4. I was equally engaged with the stories of each and every family member - the generations before her. Emilienne and Viviane particularly spoke to me (esp. the latter) - I felt so much for them and became so invested in their lives. It's not often in these 'generational sagas' that I can recall each generation or remain invested in them.

5. Leslye Walton unfolds it all so carefully and poetically that it tugs at your heart the whole way through - and not in any sappy, overbearing or sentimental way. You're explicitly being told a story, and yet nothing feels forced. It's like it's unravelling itself organically.

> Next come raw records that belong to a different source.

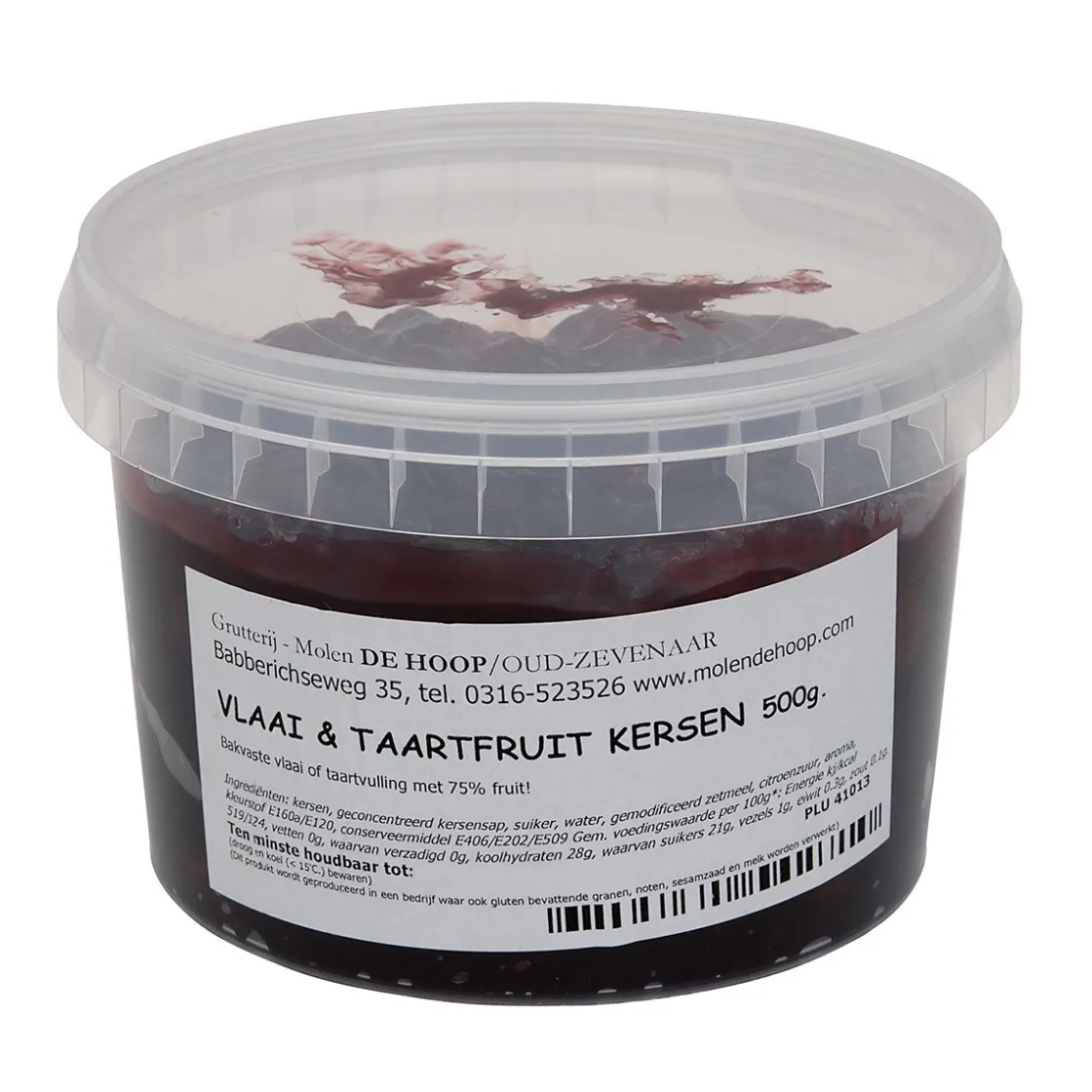 Molen de Hoop Vlaai en Taartfruit Kersen 500 gr.* Fruit En Vanille|Fruitvullingen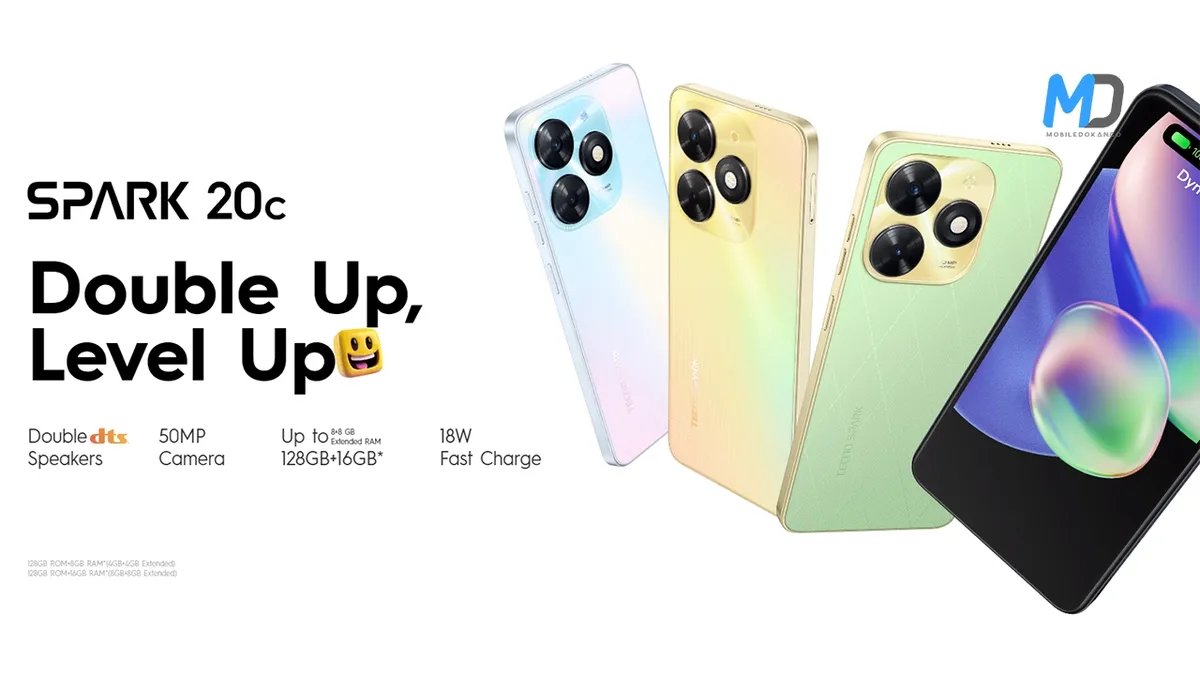 Tecno Spark 20c smartphone launched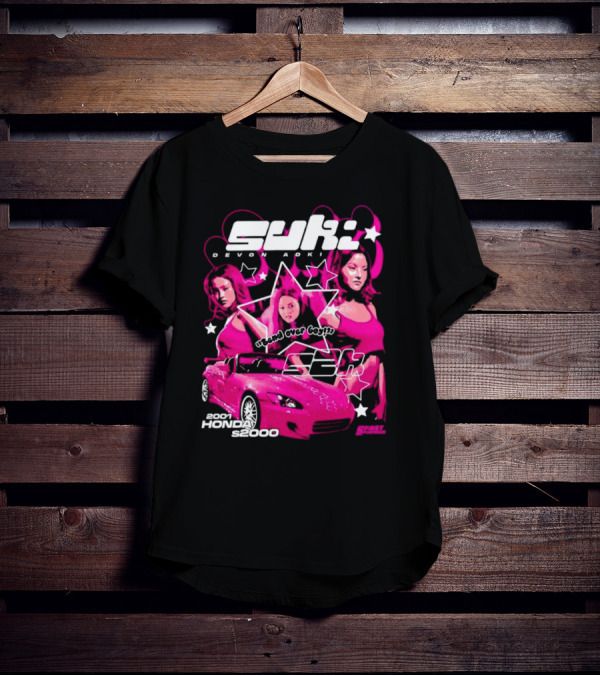 Suki Devon Aoki 2F2f 2001 Honda S2000 Racer Girl Power T-Shirt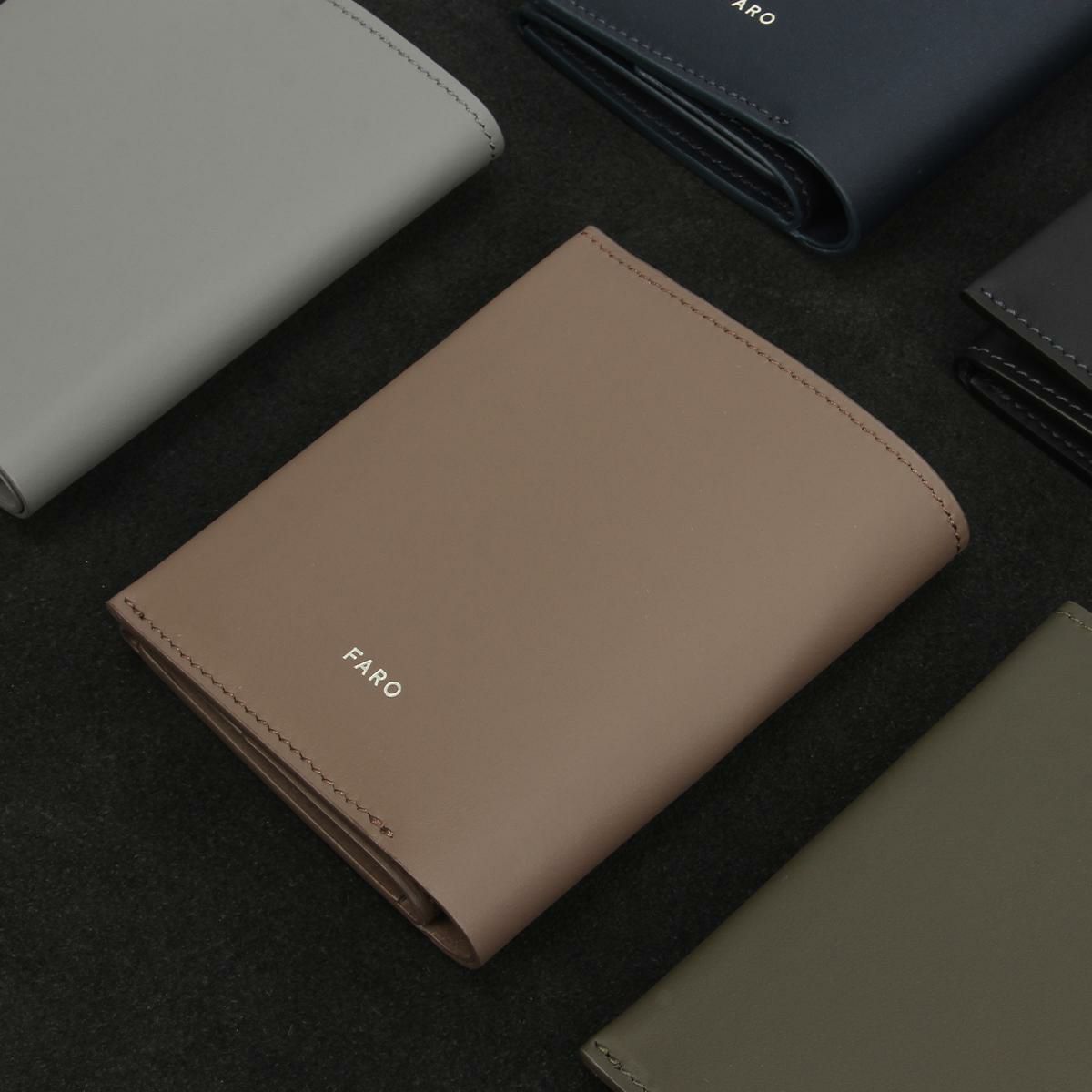 ファーロ Calma 二つ折り財布 FARO cal-swallet-c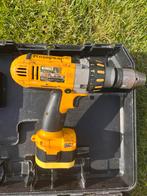 DeWalt Boormachine met 4 Accu's en Oplader, Doe-het-zelf en Verbouw, Gereedschap | Boormachines, Ophalen, Gebruikt, Boormachine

The emotion is subtle and wrapped in the beautiful language and expressions. 

6. One reviewer perfectly expressed it – this story isn’t ‘sanitised’ for a 'fragile' audience (not a children's book). It was shocking, tragic, dark and traumatic in parts, but full of love of all kinds, in all its broken forms and all its best. It’s a fable and fairytale that rings with eternal truths. 

7. It’s full of broken, scarred people – love's victims. People who had to overcome great odds. People who lost in love but continued and found meaning. Some of the best people.

8. I want to write so much - about Viviane Lavender and Jack Griffith and Gabe and Emilienne and Rowe and Henry and the bakery... about broken promises and regrets and friendship and family... but I just can’t divulge too much because you need to experience it as I did. I don’t even want to say what themes there are because I want you to be as stunned and grateful as I was. I don’t want to rob you of any measure of the experience. 

Instead, I will leave you just with some snippets of Leslye Walton’s magic.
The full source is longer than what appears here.